CVE-2023-31194
Description
An improper array index validation vulnerability exists in the GraphPlanar::Write functionality of Diagon v1.0.139. A specially crafted markdown file can lead to memory corruption. A victim would need to open a malicious file to trigger this vulnerability.
AI Insight
LLM-synthesized narrative grounded in this CVE's description and references.

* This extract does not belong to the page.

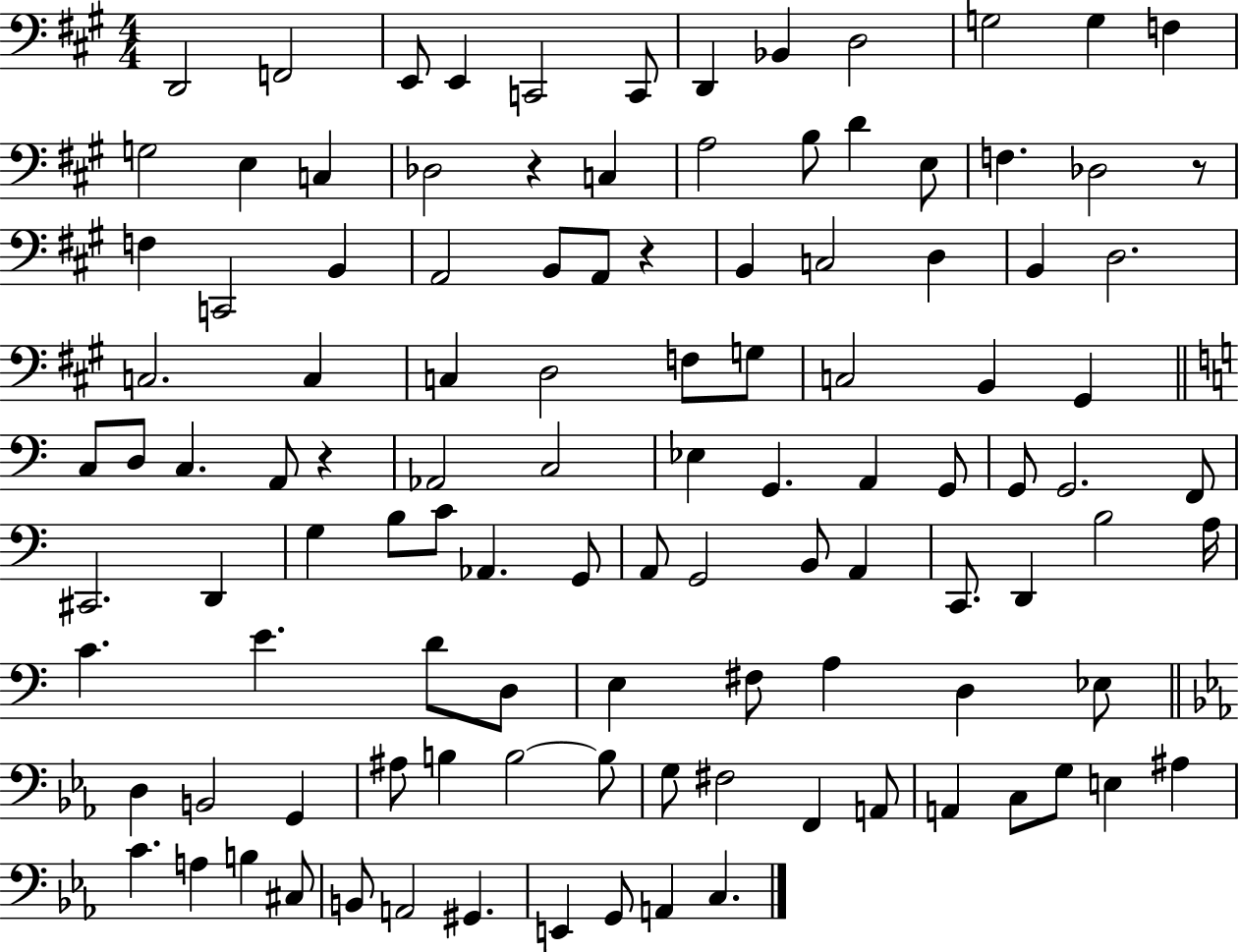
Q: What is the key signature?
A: A major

Diagon v1.0.139 has an improper array index validation in GraphPlanar::Write leading to memory corruption via a crafted markdown file.
Vulnerability
Diagon v1.0.139 contains an improper array index validation vulnerability in the GraphPlanar::Write function. A specially crafted markdown file can trigger out-of-bounds memory access when processing planar graph representations. The vulnerability is present in version 1.0.139 as confirmed by Talos [1].
Exploitation
Exploitation requires a victim to open a malicious markdown file using Diagon. No prior authentication or special privileges are needed. The attacker crafts a markdown input that, when parsed and rendered by GraphPlanar::Write, causes an invalid array index access, leading to memory corruption [1].
Impact
Successful exploitation can result in memory corruption, potentially leading to denial of service or arbitrary code execution in the context of the Diagon process. The CVSSv3 score is 5.3 (AV:L/AC:L/PR:N/UI:R/S:U/C:L/I:L/A:L), indicating low impact on confidentiality, integrity, and availability [1].
Mitigation
As of the publication date (2023-07-05), no patched version has been released. Users are advised to avoid opening untrusted markdown files with Diagon until a fix is available [1].
AI Insight generated on May 25, 2026. Synthesized from this CVE's description and the cited reference URLs; citations are validated against the source bundle.
Affected products
2- Diagon/Diagonv5Range: v1.0.139
Patches
0No patches discovered yet.
Vulnerability mechanics
AI mechanics synthesis has not run for this CVE yet.
References
1News mentions
0No linked articles in our index yet.